INFORMATION SUPPLIED>

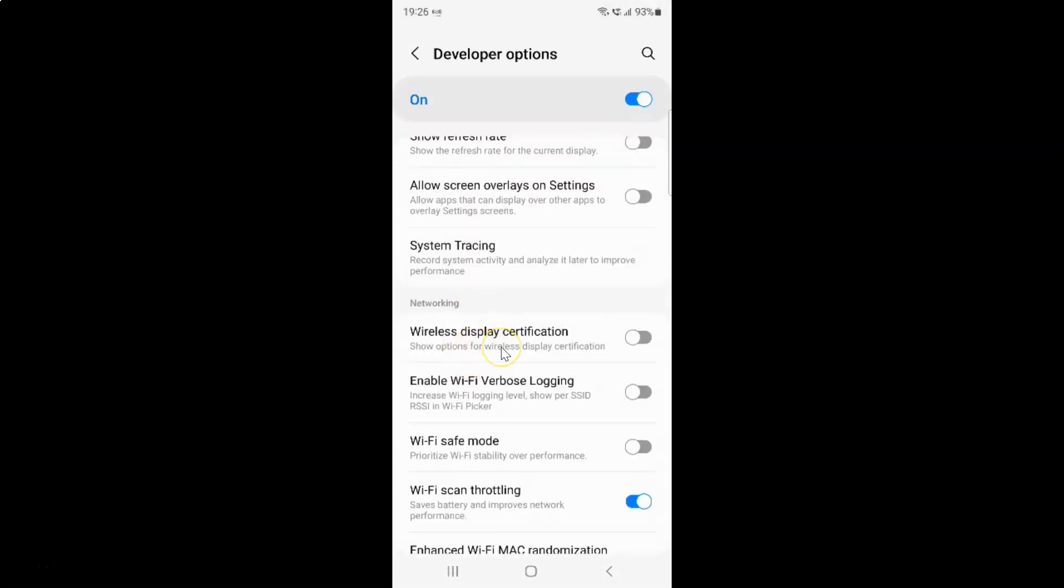So that's it. In this way you can easily turn on developer options on Samsung Galaxy S22 Ultra. If you like my videos please support this channel by subscribing to it. Thanks. Bye-bye.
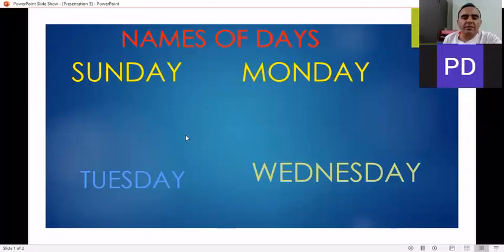I would like to repeat again. Sunday, Monday, Tuesday, Wednesday.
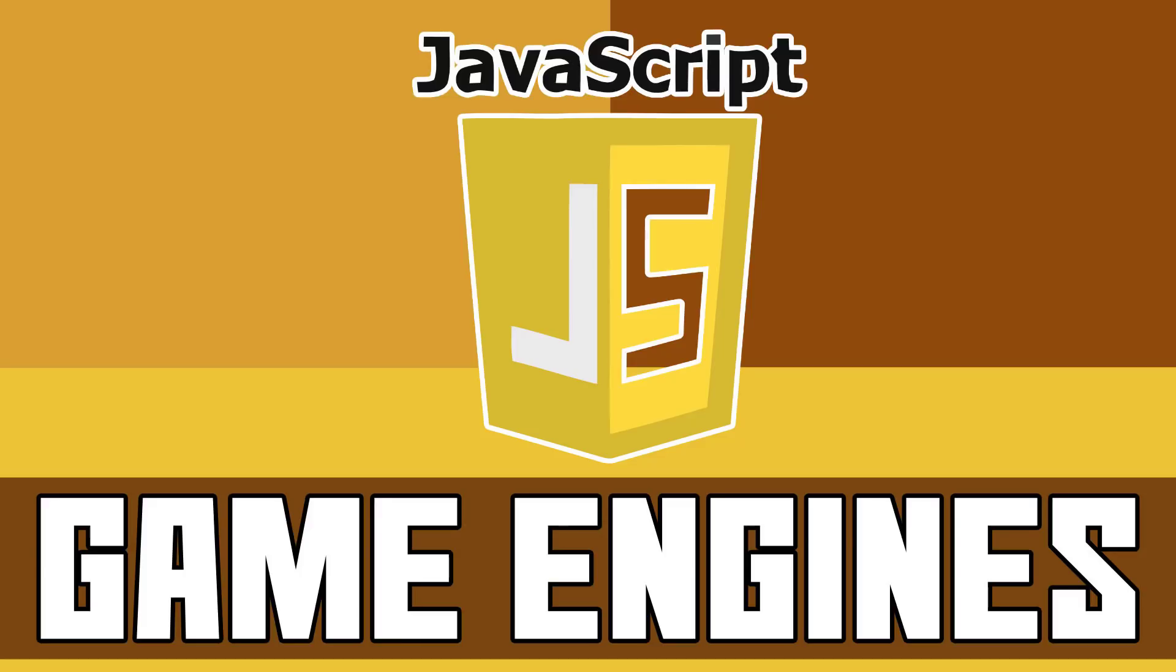Hello everybody, it's Mike here at Game From Scratch and welcome back to our ongoing Game Engines by Programming Language series. The whole idea behind this is pick a programming language and I tell you the game engines available. Pretty straightforward really.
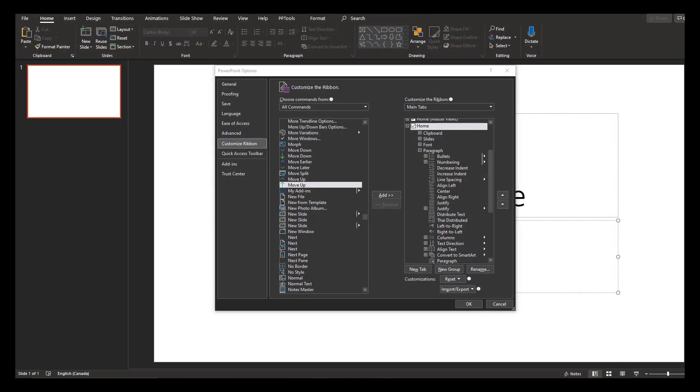Good day and welcome to a short explanation of how to deal with the lack of multilevel lists in PowerPoint. Let's show you what that means.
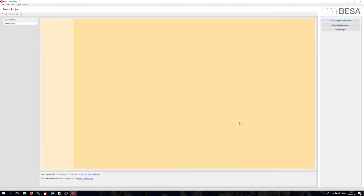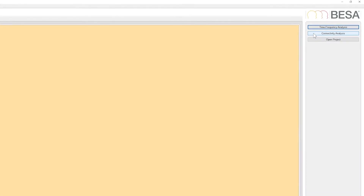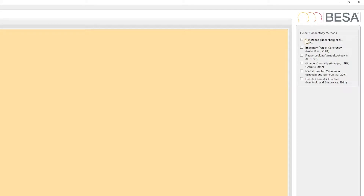Let me start the connectivity analysis. I will check out coherence, imaginary part of coherency, Granger causality, and partial directed coherence.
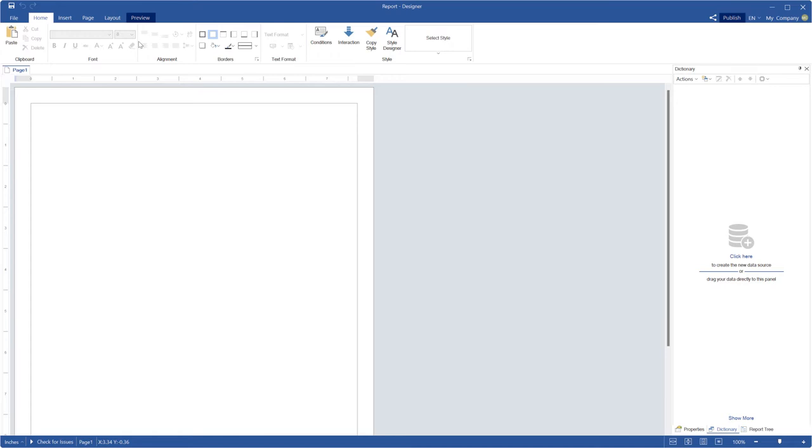Hello, I'm Rodan from Stimulsoft. Today's video will be about how to create an invoice using formula fields and totals.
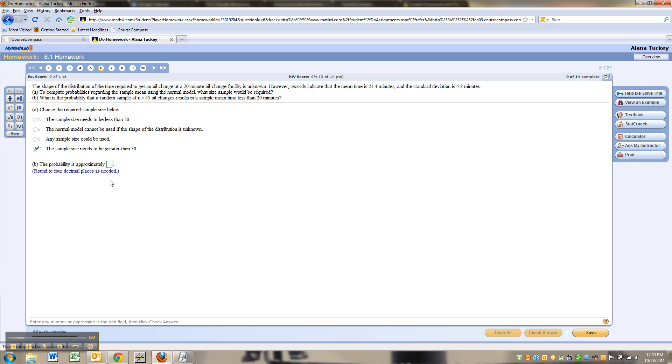Now, the probability: what is the probability that a random sample of n equals 45 oil changes results in a sample mean time less than 20 minutes?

YOUR GOAL> Copy out the lines above unchanged. Skip the images.

RESPONSE AREA>
So that's it. In this way you can easily turn on developer options on Samsung Galaxy S22 Ultra. If you like my videos please support this channel by subscribing to it. Thanks. Bye-bye.
I would like to repeat again. Sunday, Monday, Tuesday, Wednesday.
Hello everybody, it's Mike here at Game From Scratch and welcome back to our ongoing Game Engines by Programming Language series. The whole idea behind this is pick a programming language and I tell you the game engines available. Pretty straightforward really.
Good day and welcome to a short explanation of how to deal with the lack of multilevel lists in PowerPoint. Let's show you what that means.
Let me start the connectivity analysis. I will check out coherence, imaginary part of coherency, Granger causality, and partial directed coherence.
Hello, I'm Rodan from Stimulsoft. Today's video will be about how to create an invoice using formula fields and totals.
Now, the probability: what is the probability that a random sample of n equals 45 oil changes results in a sample mean time less than 20 minutes?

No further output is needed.